Exercise requirements - After locating the line that contains "Woman Texting Messages: Stock Photos", transcribe exactly that line and each one after it until the data ends, skipping pictures.

Recorded data -
==============================

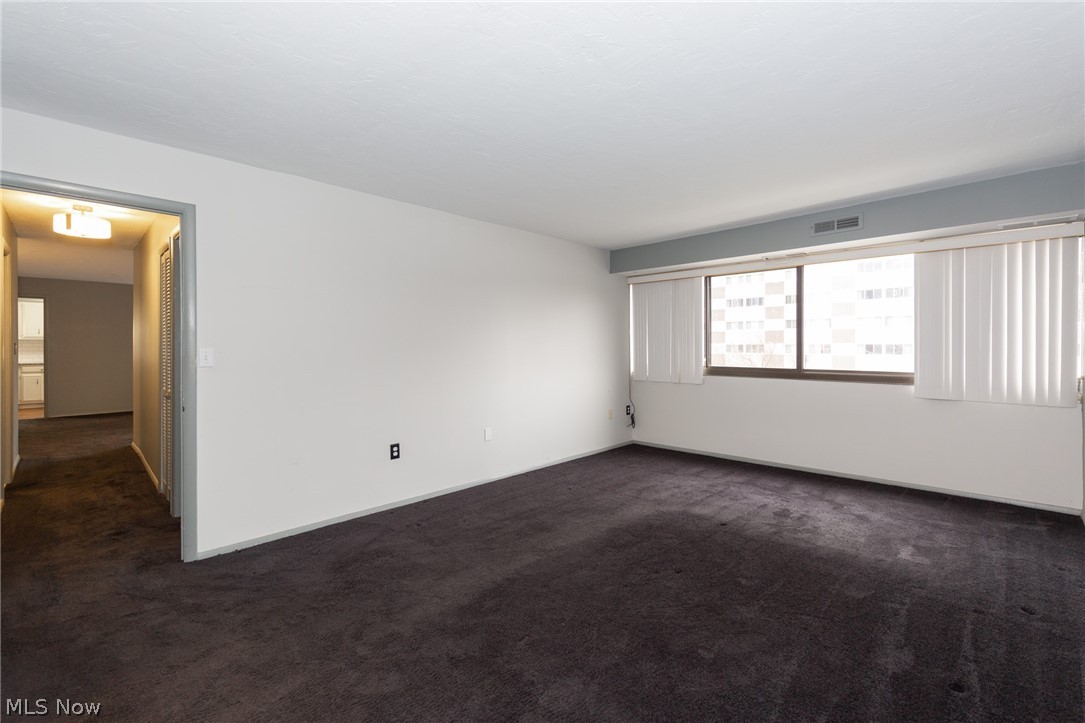 Meridian Condo - Residential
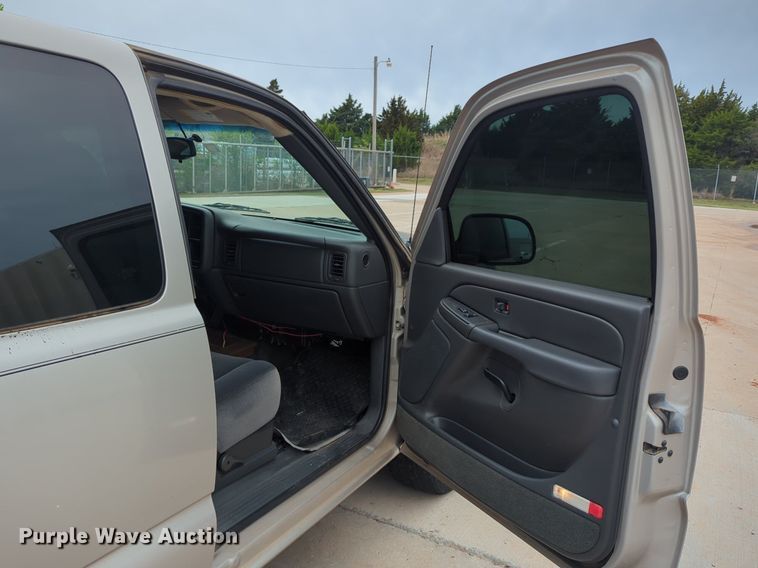 image for item LY9520 2005 GMC Sierra 1500 Ext. Cab pickup truck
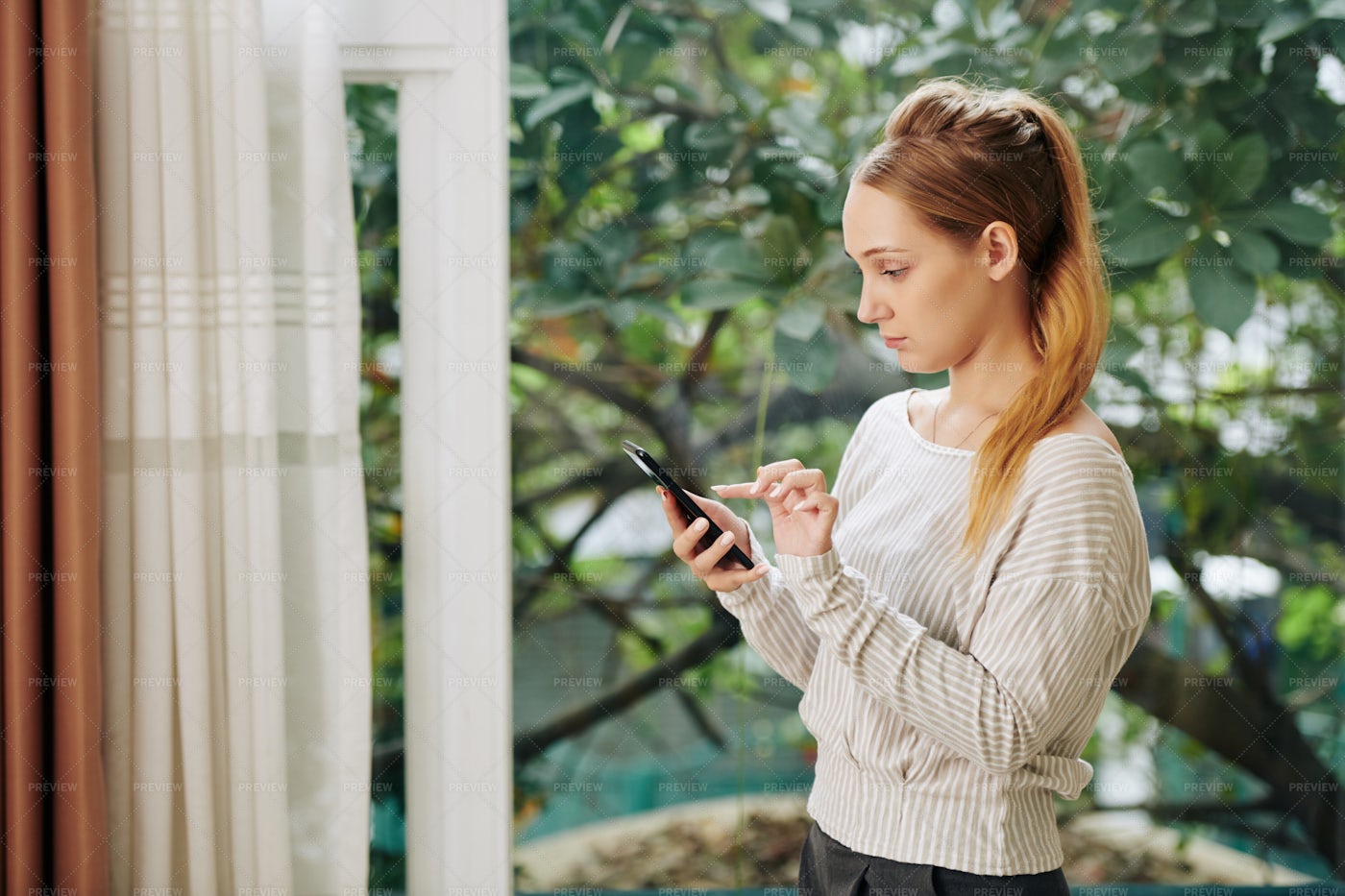 Woman Texting Messages: Stock Photos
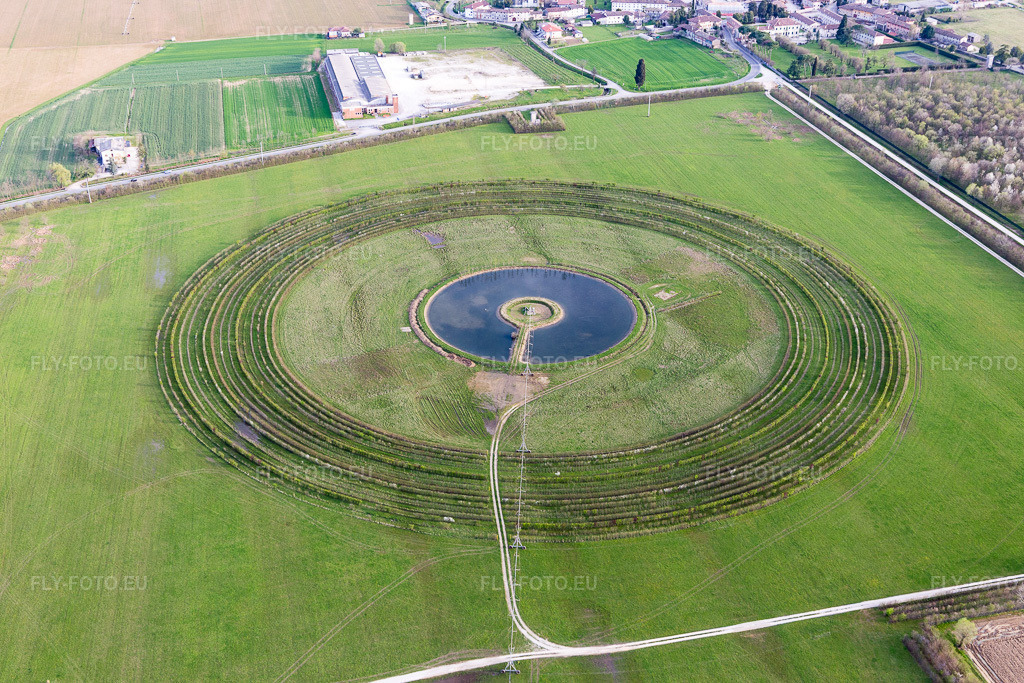 Vue aérienne: Arches circulaires d'un système d'irrigation pivotant dans les champs agricoles de Persereano à Pavia di Udine dans le département Udine, Italie. Photo: IMG_105802.jpg prise le 08/04/2018 par Werner Riehm/FLY-FOTO.eu – Résolution de l'original: 5472 x 3648 px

==============================

Task result -
 Woman Texting Messages: Stock Photos
 Vue aérienne: Arches circulaires d'un système d'irrigation pivotant dans les champs agricoles de Persereano à Pavia di Udine dans le département Udine, Italie. Photo: IMG_105802.jpg prise le 08/04/2018 par Werner Riehm/FLY-FOTO.eu – Résolution de l'original: 5472 x 3648 px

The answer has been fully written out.